/---

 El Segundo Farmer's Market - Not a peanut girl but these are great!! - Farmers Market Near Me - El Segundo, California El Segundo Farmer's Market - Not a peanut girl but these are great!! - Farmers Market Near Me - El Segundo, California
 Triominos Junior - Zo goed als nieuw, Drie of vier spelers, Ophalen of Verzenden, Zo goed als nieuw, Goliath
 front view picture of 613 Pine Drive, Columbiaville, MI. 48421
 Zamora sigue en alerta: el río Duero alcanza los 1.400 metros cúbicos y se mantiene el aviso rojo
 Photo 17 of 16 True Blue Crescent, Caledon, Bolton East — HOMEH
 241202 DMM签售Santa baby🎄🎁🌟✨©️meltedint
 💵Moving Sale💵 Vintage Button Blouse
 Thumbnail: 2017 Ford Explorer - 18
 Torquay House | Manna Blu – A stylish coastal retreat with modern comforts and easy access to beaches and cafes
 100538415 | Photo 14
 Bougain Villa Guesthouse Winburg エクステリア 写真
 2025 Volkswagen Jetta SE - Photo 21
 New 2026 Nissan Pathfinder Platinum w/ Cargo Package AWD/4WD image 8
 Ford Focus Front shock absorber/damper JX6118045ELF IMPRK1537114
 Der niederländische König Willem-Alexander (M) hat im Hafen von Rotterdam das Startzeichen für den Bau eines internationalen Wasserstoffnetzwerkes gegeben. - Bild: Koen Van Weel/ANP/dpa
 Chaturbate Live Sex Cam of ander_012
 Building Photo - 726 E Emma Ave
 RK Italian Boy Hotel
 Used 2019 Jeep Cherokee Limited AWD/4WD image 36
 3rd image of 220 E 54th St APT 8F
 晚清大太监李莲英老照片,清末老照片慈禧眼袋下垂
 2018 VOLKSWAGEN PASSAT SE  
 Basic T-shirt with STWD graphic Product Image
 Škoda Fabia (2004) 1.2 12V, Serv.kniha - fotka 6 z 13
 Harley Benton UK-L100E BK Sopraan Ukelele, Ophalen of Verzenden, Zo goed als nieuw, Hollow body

\---

*How to complete this task:*
From the line with "Used 2019 Jeep" to the final line of the data above, please reproduce every line exactly and add nothing.

*Reply:*
 Used 2019 Jeep Cherokee Limited AWD/4WD image 36
 3rd image of 220 E 54th St APT 8F
 晚清大太监李莲英老照片,清末老照片慈禧眼袋下垂
 2018 VOLKSWAGEN PASSAT SE  
 Basic T-shirt with STWD graphic Product Image
 Škoda Fabia (2004) 1.2 12V, Serv.kniha - fotka 6 z 13
 Harley Benton UK-L100E BK Sopraan Ukelele, Ophalen of Verzenden, Zo goed als nieuw, Hollow body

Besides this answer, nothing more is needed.